Bouleversant, dans le sens où l'on attend un dénouement heureux pour cette famille qui n'a connu que des heures sombres, et un peuple qui n'a pas encore trouvé son salut.

Fatimata, femme battante, pleine d'énergie, est amoureuse de son terroir. Elle croit aux valeurs inculquées par ses parents qui font qu'elle n'abandonnera pas le long combat. Le chemin est périlleux mais les lumières jaillissent au bout de la route, justice, équité et un lendemain meilleur qui sortira du passé de nos valeurs ancestrales avec comme principes premiers : l'amour, le pardon, le partage, la générosité et surtout l'humilité !
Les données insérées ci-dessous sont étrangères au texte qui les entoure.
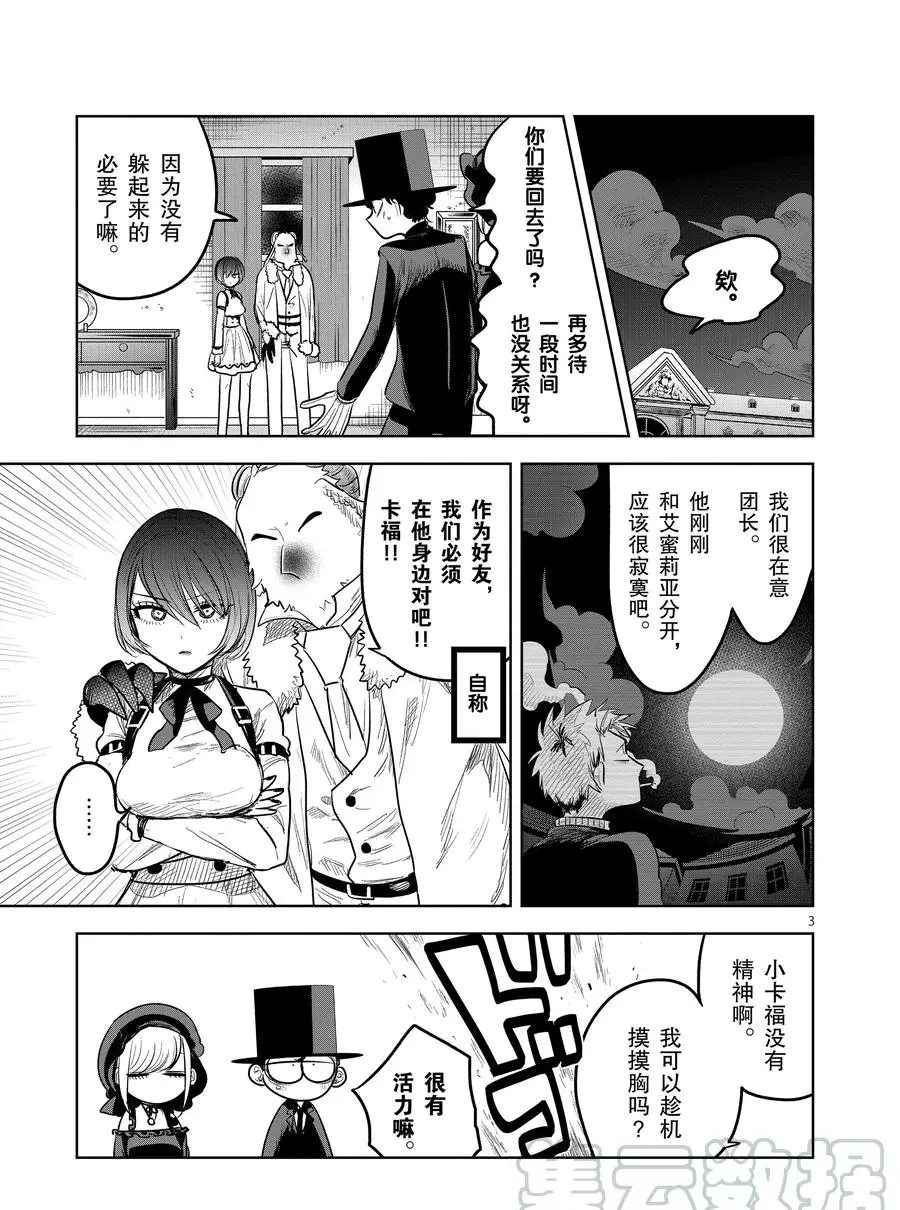 第125话一切属于你2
Captivant oui, à travers, le personnage de Diafra. L'auteur montre qu'il ne faut jamais juger l'être humain à travers son port vestimentaire (« l'habit ne fait pas le moine" dit-on souvent). Diafra, le fou de yenn, n'est pourtant pas un fou (quelqu’un qui a perdu la raison). Au contraire, il a un impact positif sur Fatimata car il lui transmet des valeurs, ce qui permet sa survie. Contant son parcours à la jeune fille, il déclame sa passion qu'il n'oublie pas et dans ces passages, l'auteur nous montre qu’être passionné de quelque chose sans pouvoir partager est SANS intérêt !
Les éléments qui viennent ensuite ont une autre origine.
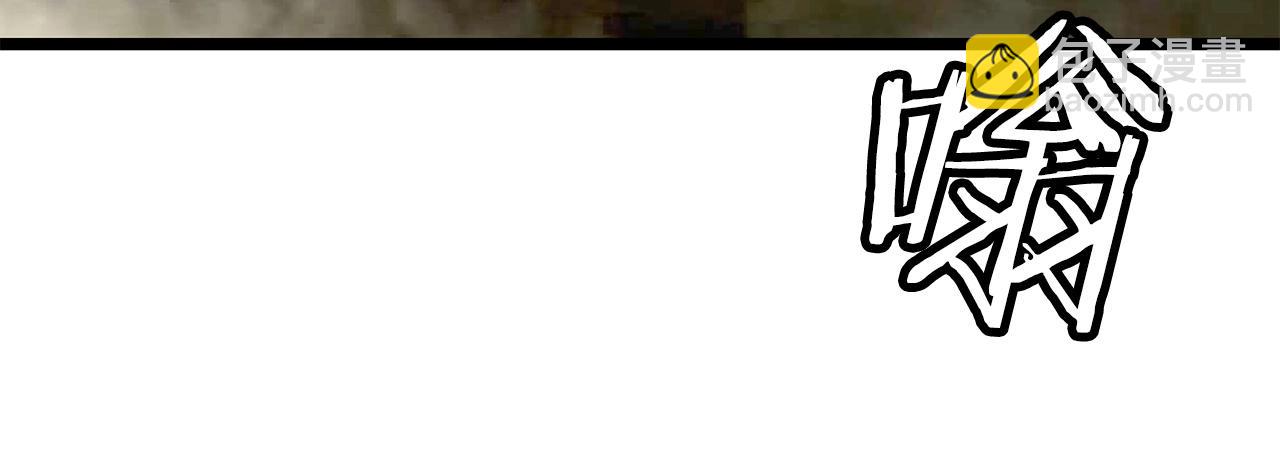 不敗玩家 - 第16話 雙重地下城(3/3) - 7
De manière plus sage, l'homme du fleuve n'est rien d'autre qu'un homme libre, en parfaite harmonie avec la nature qui pour lui, est Refuge des cruautés de la vie, qui pour d'autres est simplement Folie ! Est-il seulement un homme incompris, qui a fini par prendre comme bonne compagnie la Solitude ?

En tout cas, il apprend à Fatimata une chose essentielle de la vie : la survie ! En d'autres termes, la mort de Gaandal doit rappeler à Fatimata qu'il est urgent de vivre ! Vivre afin de ne jamais mourir orphelin car une sagesse africaine dit que mourir sans rien laisser comme impact social et positif, c'est être orphelin.

De cette rencontre, elle apprend, à partir de son vécu et de sa curiosité prématurée de la vie, une autre façon de voir les choses et de prendre son destin en main. Elle ne reverra pas Diafra mais ne l'oubliera jamais.

Aux dernières pages, l'auteur revient avec brio sur des faits historiques et politiques que le peuple sénégalais a vécus. Amadou Elimane Kane, mêlant fiction et réalité tout comme prose et poésie s’entremêlent tout au long du roman, dessine de manière fictive une réalité que nous connaissons bien. À l'image de Wojeree et Bodiel, principaux acteurs  d'un scénario montrant comment le peuple sénégalais a choisi l'épidémie qui va le décimer, une valse hésitation entre la peste et le cholera au soir des élections favorisant Bodiel.

Le seul salut du peuple est de dire à Wojeree : finalement, le pouvoir est une prérogative du peuple !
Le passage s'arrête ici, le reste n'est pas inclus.